WHAT YOU NEED TO DO
The line containing "Bee Venom Lung" and each line after it, through the final line of the data, are to be retyped exactly, with pictures left out.

Scraped caption text data
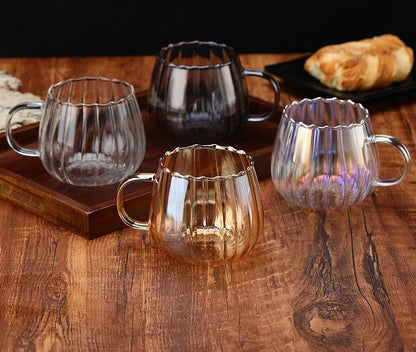 400ml High Borosilicate Glass Cup – Creative Striped Pumpkin-Shaped Mug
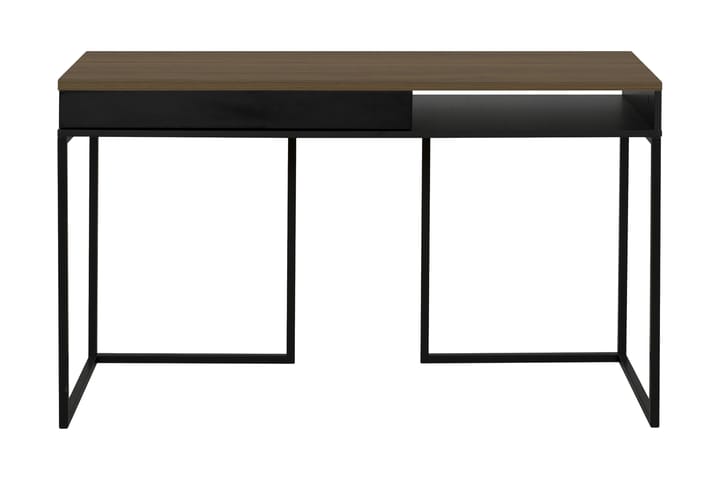 Kirjoituspöytä City 130 cm Säilytyksellä Hylly+Laatikko - Pähkinäviilu/Musta - Huonekalut - Sohvat - Nahkasohvat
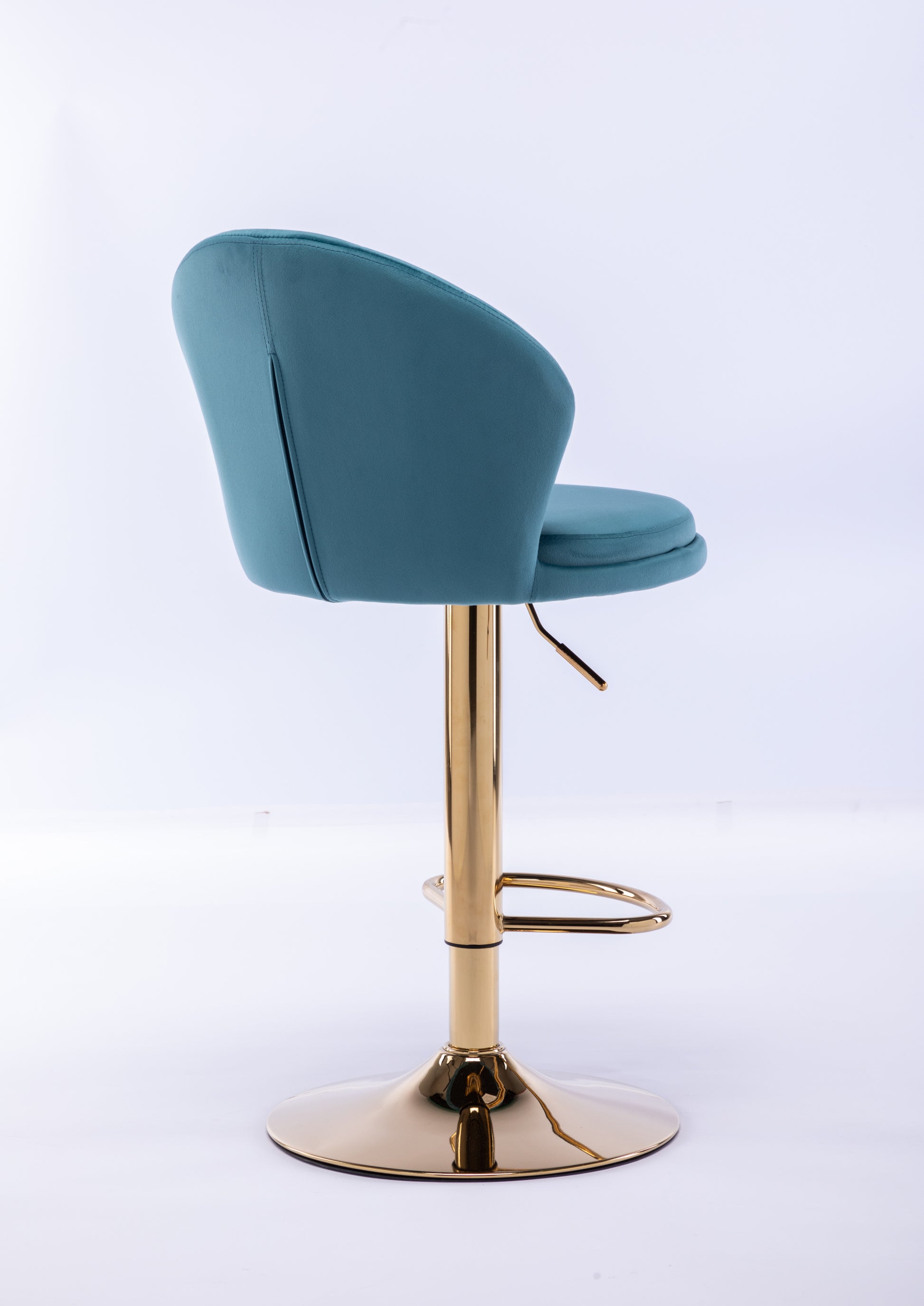Set of 2  Bar Stools,with Chrome Footrest and Base Swivel Height Adjustable Mechanical Lifting Velvet + Golden Leg Simple Bar Stool-Baby Blue - Enova Luxe Home Store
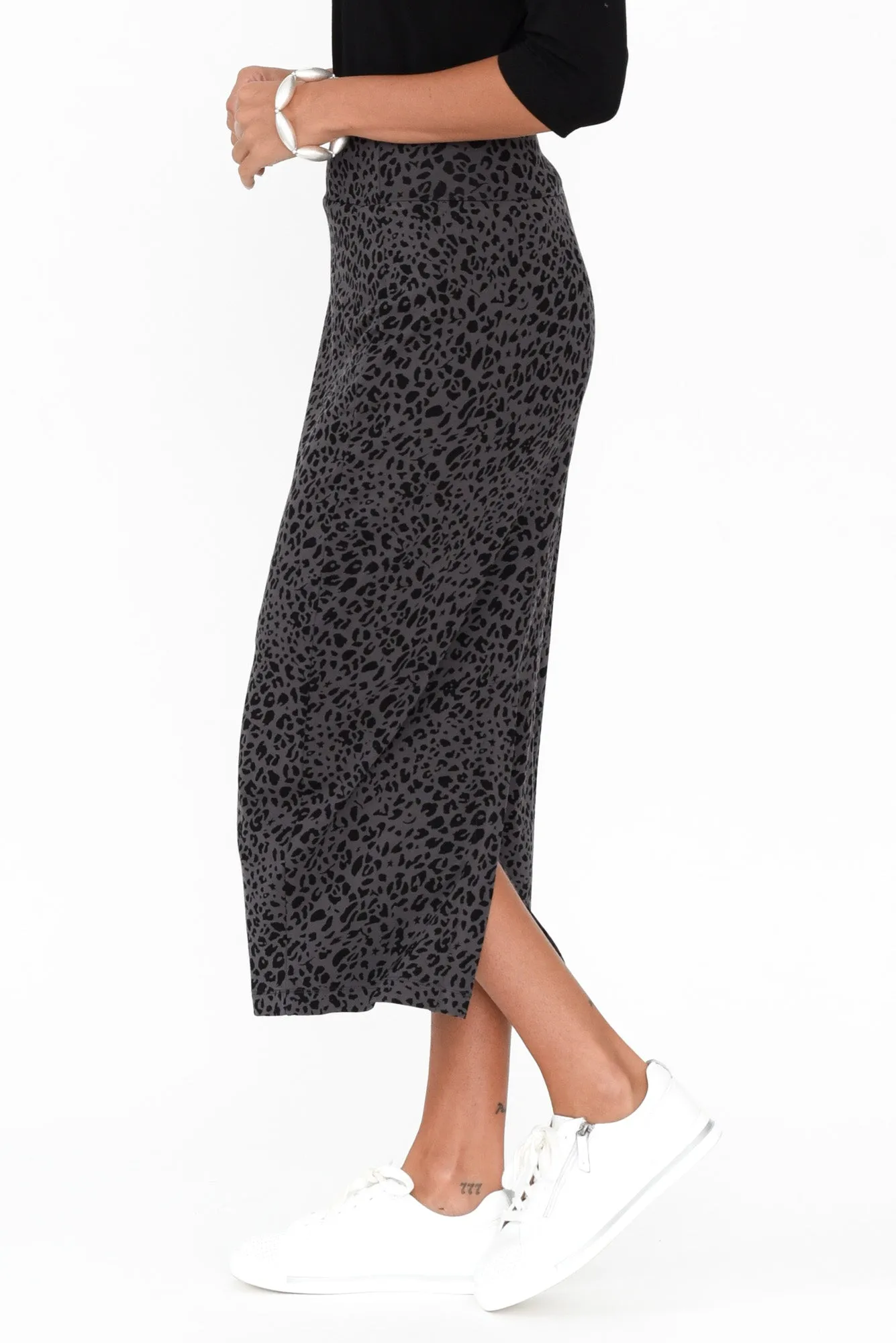 Grey Leopard Bamboo Maxi Tube Skirt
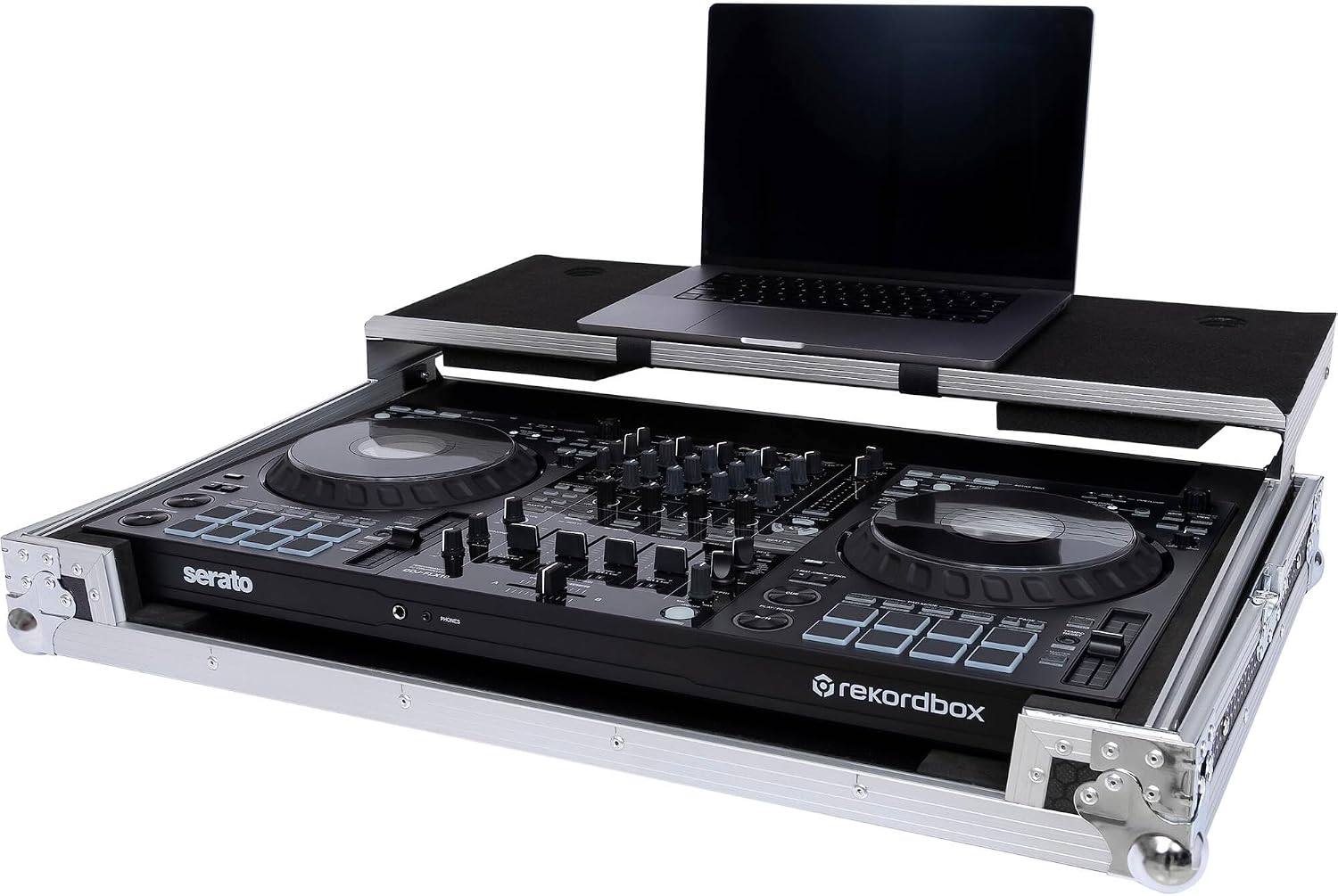 Pioneer DDJ-FLX10 4-Deck DJ Controller Bundle with Headliner HL10010 Classic Dual-Tone Flight Case | Rekordbox + Serato DJ Pro | Road-Ready Controller with Exact-Fit Custom Interior Protection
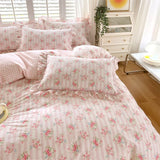 Triogift New Ruffles 100% Cotton Duvet Cover Set or Single Duvet Covers Floral Princess Style All Cotton Quilt Cover Queen Blanket Cover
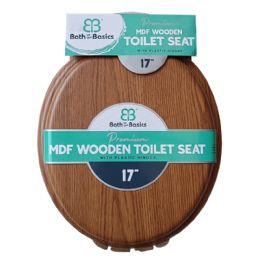 6 Bulk 17-inch Wooden Toilet Seat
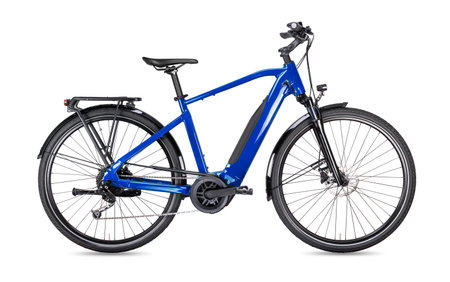 blue modern menÂ´s mid drive motor city touring or trekking e bike pedelec with electric engine middle mount. battery powered ebike isolated on white background. Innovation transportation concept.の写真素材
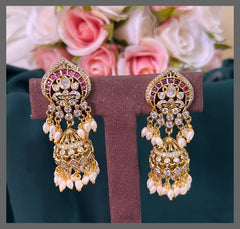Crown Shape Earring  Jhimki in Victorian -VE00143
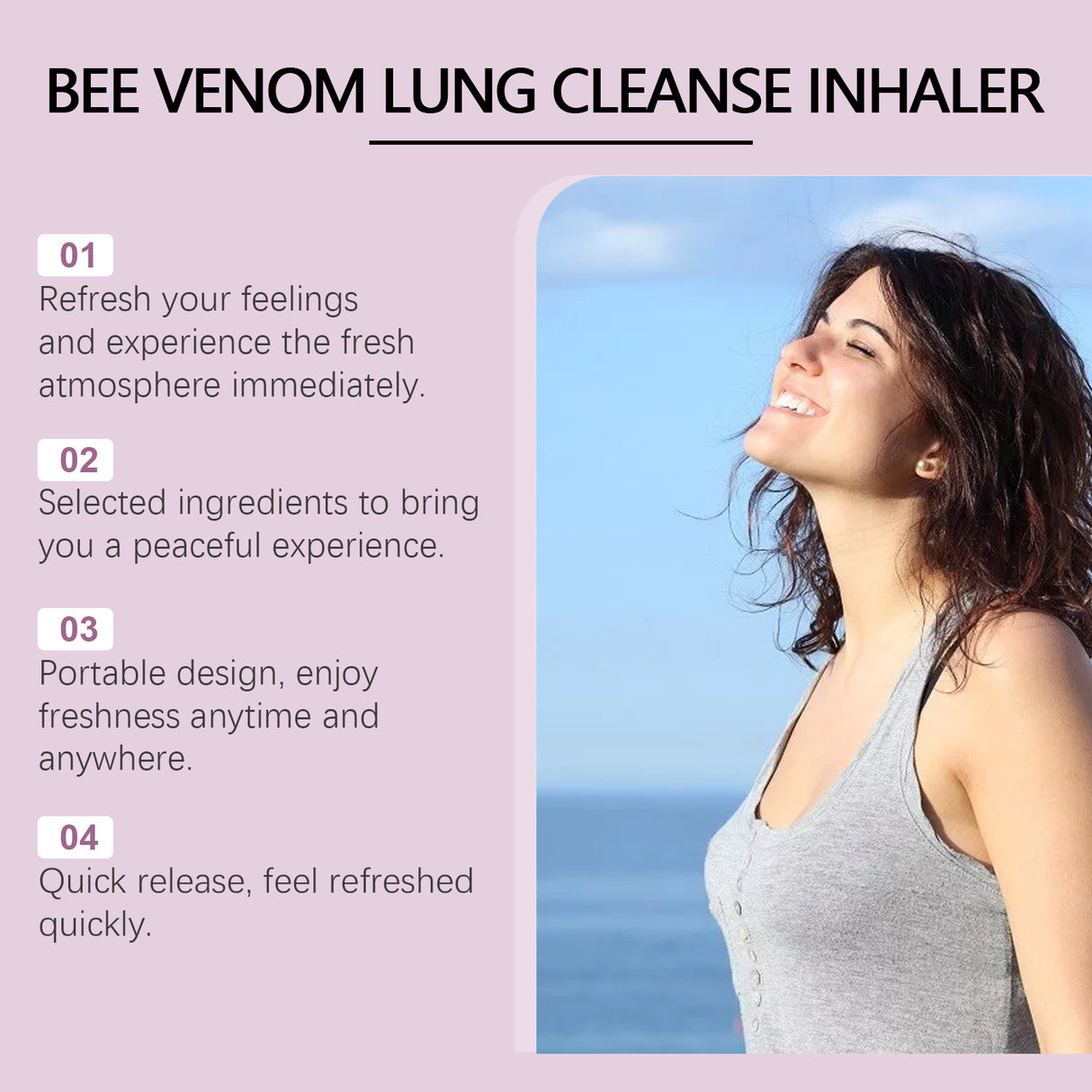 Bee Venom Lung Cleanse Inhaler, The Portable Breathing Nasal Aspirator Cleans The Nasal Cavity Efficiently And Gently Without Stimulation To Enjoy Fresh Breath Anytime And Anywhere - V.I.P Digital Presence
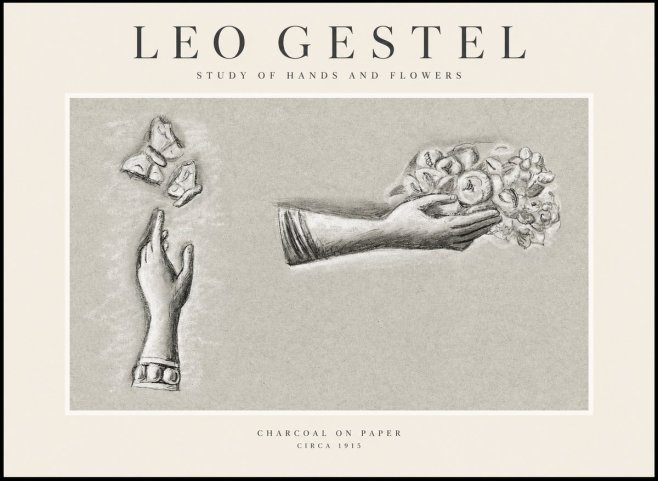 Leo Gestel Study of Hands and Flowers No1 - Poster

FINAL ANSWER
 Bee Venom Lung Cleanse Inhaler, The Portable Breathing Nasal Aspirator Cleans The Nasal Cavity Efficiently And Gently Without Stimulation To Enjoy Fresh Breath Anytime And Anywhere - V.I.P Digital Presence
 Leo Gestel Study of Hands and Flowers No1 - Poster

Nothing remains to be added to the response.